To build back better, The Biden House should release virtual visitor logs

The steps the Biden White House has taken on transparency taken are meaningful and welcome, but insufficient. They need to keep showing their work by opening Cabinet meetings & disclosing info, and emphasize being open by default isn’t just an option, but an obligation.

To put it another way, the Biden administration’s vocal commitments to transparency, restoration of press briefings & recognition of the role of journalists are profoundly welcome, necessary steps, but remain wholly insufficient to closing the yawning public trust deficit in the US government that existed before President Obama took office and grew much worse after four years of Trump’s official lies. That’s why transparency advocates have repeatedly asked the Biden administration to to take swift action, from the Freedom of Information Act to declassification and legal secrecy.

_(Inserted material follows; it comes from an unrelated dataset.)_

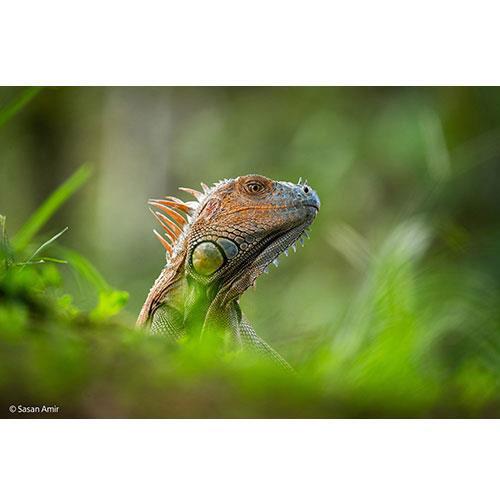 FE 400-800mm F6.3-8 G OSS lens - Open box Product Image (Secondary Image 3)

It’s not enough to put information online or put press secretaries and senior officials in front of the press, though both of those are profoundly welcome, or to stop attacking the credibility of journalists with lies.

As I told Politico, the Biden administration is doing worse, relative to Obama, given how aggressive, risky, and unprecedented some of the things they were doing online were in January 2009 were, particularly social media, and take questions online. (Press Secretary Psaki is dabbling in it, but it’s limited.)

Though obviously Twitter, Faceook, YouTube & other social media were used to go around the press and evade adversarial questioning by both administrations — and went pretty far into official channels being used to spread misinformation and disinformation under Trump — releasing information directly to the public using these platforms does find us “where we are.”

More transparency can and will be weaponized against them, as visitor logs were against the Obama administration, but rebuilding trust will require intentional investment and leadership on the world stage and around the USA, where the President and Vice President lean into tough questions and adhere to high standards of veracity in their public statements and those of the White House.